## What you will do
Without the images, reproduce every entry exactly.

## Dataset entries
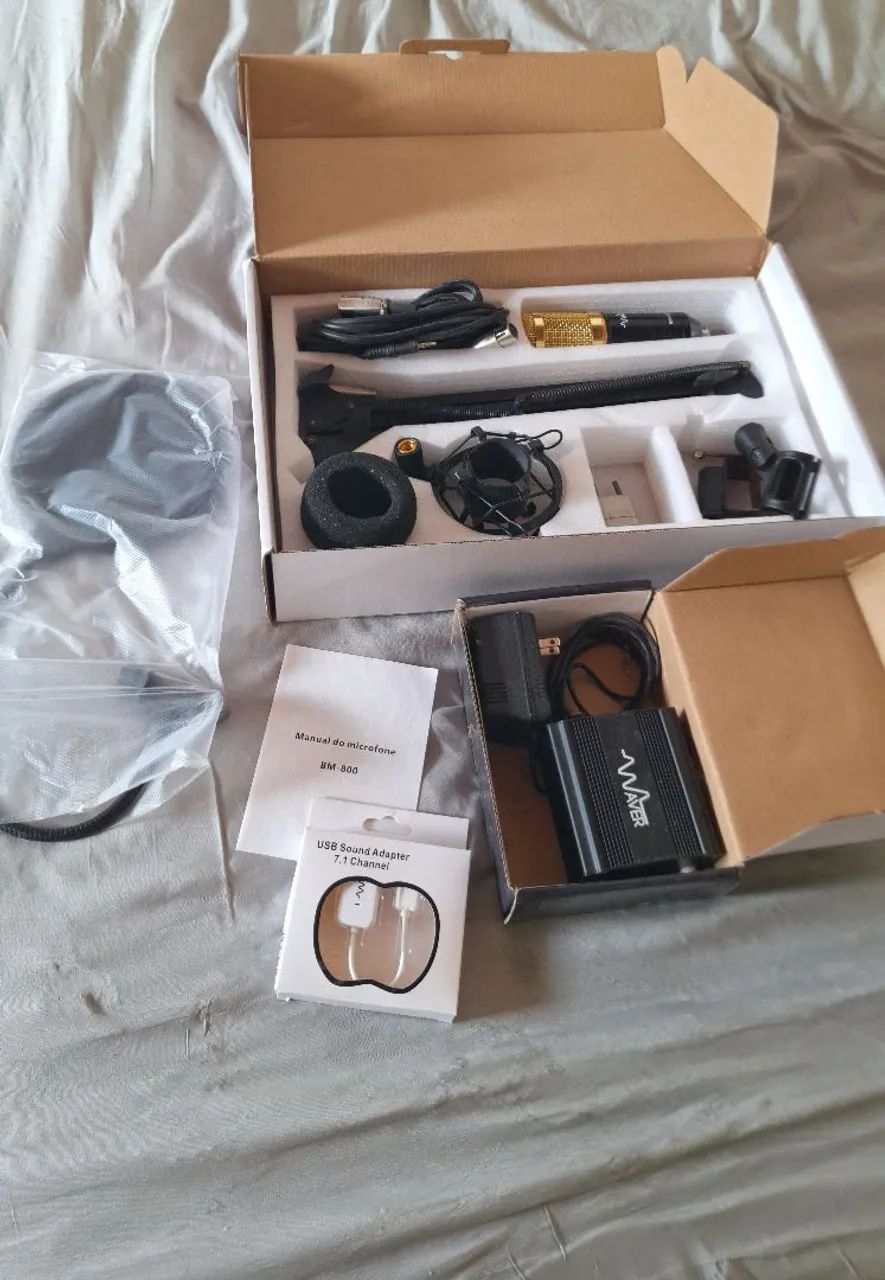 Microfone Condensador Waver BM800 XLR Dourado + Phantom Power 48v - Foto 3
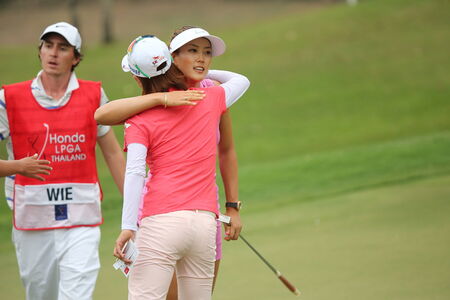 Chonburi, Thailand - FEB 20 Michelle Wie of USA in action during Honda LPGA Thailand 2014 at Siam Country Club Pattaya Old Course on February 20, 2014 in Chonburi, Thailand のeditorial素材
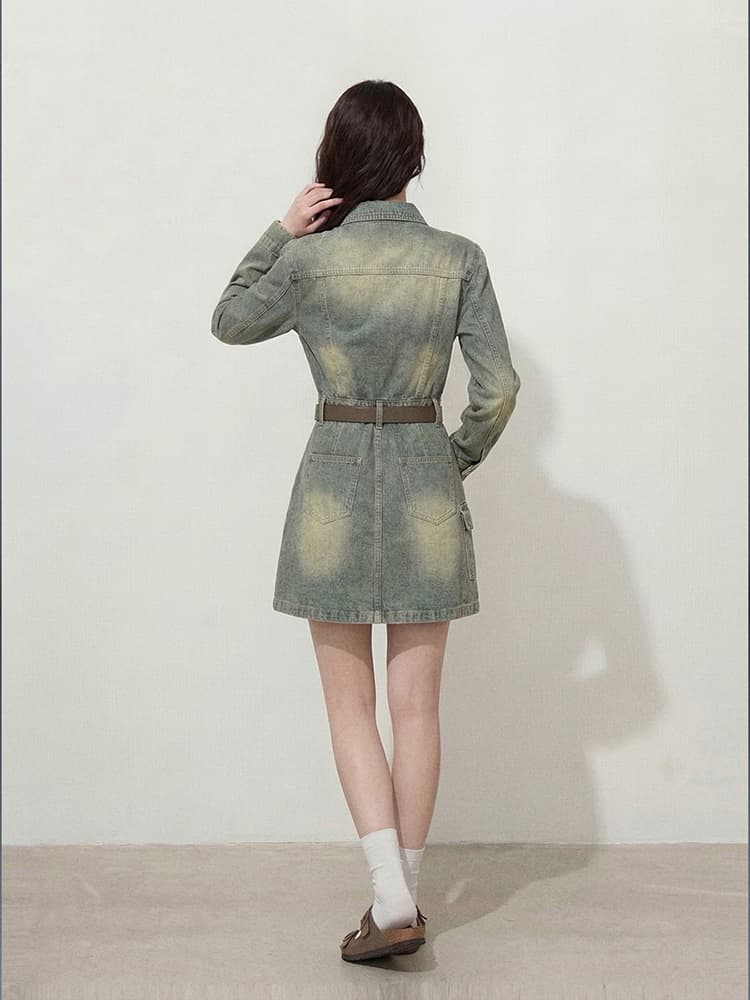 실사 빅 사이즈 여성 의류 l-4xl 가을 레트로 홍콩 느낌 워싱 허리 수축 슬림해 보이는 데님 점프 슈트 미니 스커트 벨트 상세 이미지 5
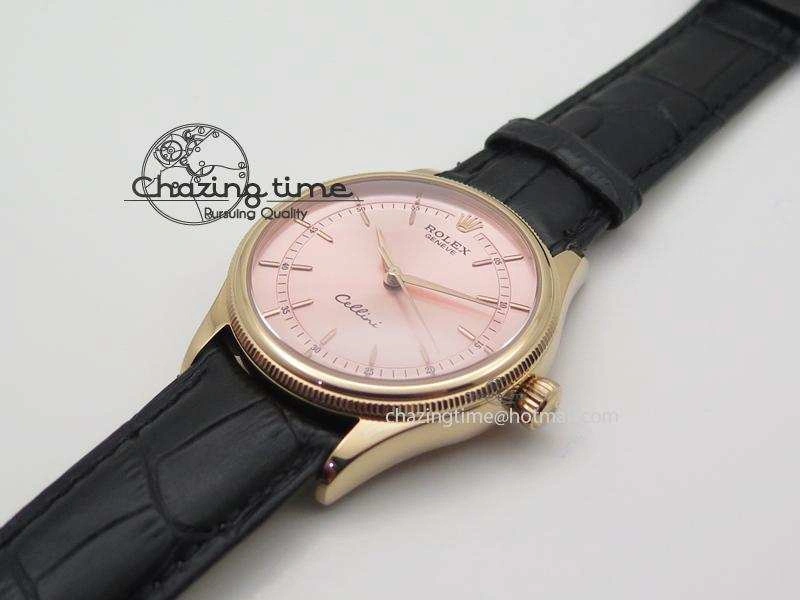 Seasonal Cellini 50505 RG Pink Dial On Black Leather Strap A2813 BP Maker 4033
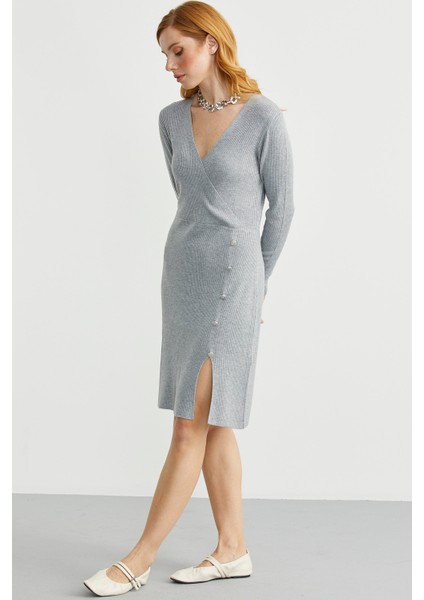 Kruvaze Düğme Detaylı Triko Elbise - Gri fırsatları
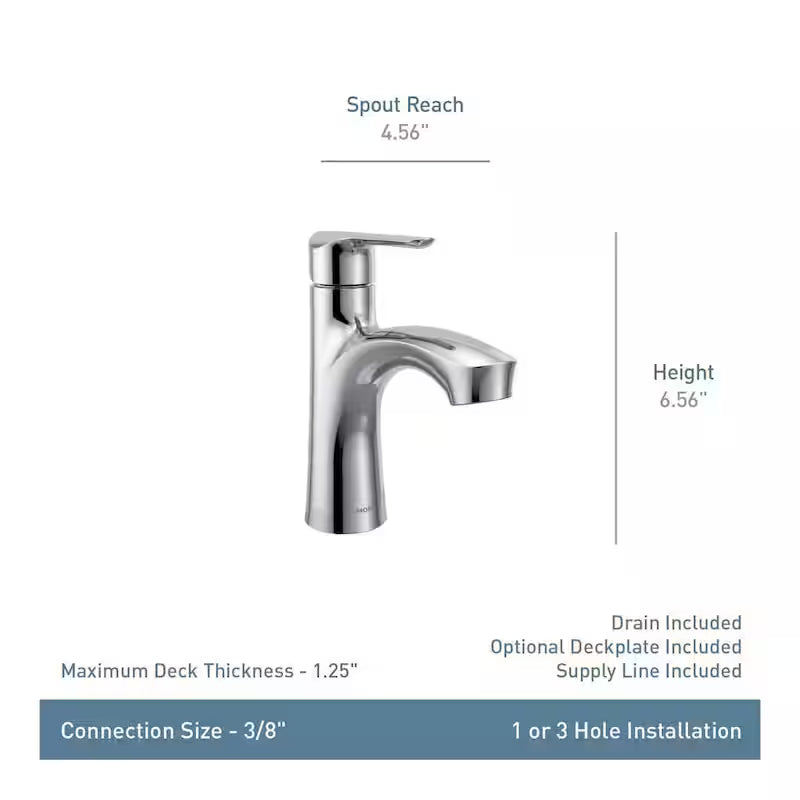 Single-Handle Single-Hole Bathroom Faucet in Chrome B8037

## Answer box
 Microfone Condensador Waver BM800 XLR Dourado + Phantom Power 48v - Foto 3
 Chonburi, Thailand - FEB 20 Michelle Wie of USA in action during Honda LPGA Thailand 2014 at Siam Country Club Pattaya Old Course on February 20, 2014 in Chonburi, Thailand のeditorial素材
 실사 빅 사이즈 여성 의류 l-4xl 가을 레트로 홍콩 느낌 워싱 허리 수축 슬림해 보이는 데님 점프 슈트 미니 스커트 벨트 상세 이미지 5
 Seasonal Cellini 50505 RG Pink Dial On Black Leather Strap A2813 BP Maker 4033
 Kruvaze Düğme Detaylı Triko Elbise - Gri fırsatları
 Single-Handle Single-Hole Bathroom Faucet in Chrome B8037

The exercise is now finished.